The league has been facing a number of problems in the last ten years that it is addressing with new rules for next year. The slow and predictable offensive styles of recent years have come out of strategic moves by coaches who know how to take advantage of the rules. The biggest thing has probably been isolation play, which takes full advantage of a required man defense. By allowing zones next year, the NBA intends to reduce the amount of isolation play and make offense more of a team game. In this way, the rule changes appear quite beneficial.

But by allowing a lot of defensive freedom, the NBA is really accentuating the improvement of defenses observed in the last ten years. The quick defenders will still be around and so will the tight man defenses. The zones will be used lightly and primarily when they give a team another defensive benefit. The pace of the game will likely continue to be slow or even slower, at least for several years until different personnel enter the league and/or the 8-second halfcourt rule plays a bigger role.

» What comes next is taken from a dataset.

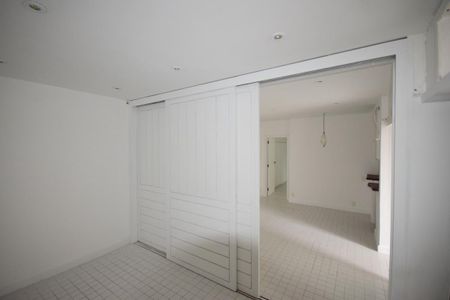 Apartamento à venda com 70m², 2 quartos e 2 vagas Apartamento à venda com 70m², 2 quartos e 2 vagasSuíte 2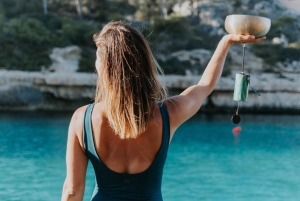 Privat yoga og mindfulness i naturen ved solopgang/solnedgang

Longterm effects of the changes may be beneficial – if the league indeed allows the changes to exist for several years. (I don’t believe the league has openly committed several years to making the rules work. Unless that commitment is there, initial problems in adapting to rules could scare officials into rescinding them.) After several years, "zone type" personnel who can shoot and may have less mobility will enter the league, making offense stronger and defense weaker. Teams may try to push the ball upcourt to prevent a zone from getting set, but this seems very unlikely until zones are actually used more extensively.

It is not clear how the defensive 3-second rule will be called. If it becomes just another annoying illegal defense call when double-teaming a scorer down low, it may neutralize some of the variety encouraged by the zone rules.

Finally, it appears that one of the NBA’s biggest problems is the decline of the layup due to the "No layup" rule used by many coaches. This already limits off-the-ball cuts to the basket and fast breaks because players are much more likely to get fouled hard and, as a natural consequence, to miss more layups (either from fear or from increased missed calls). None of the rule changes appears to address this problem.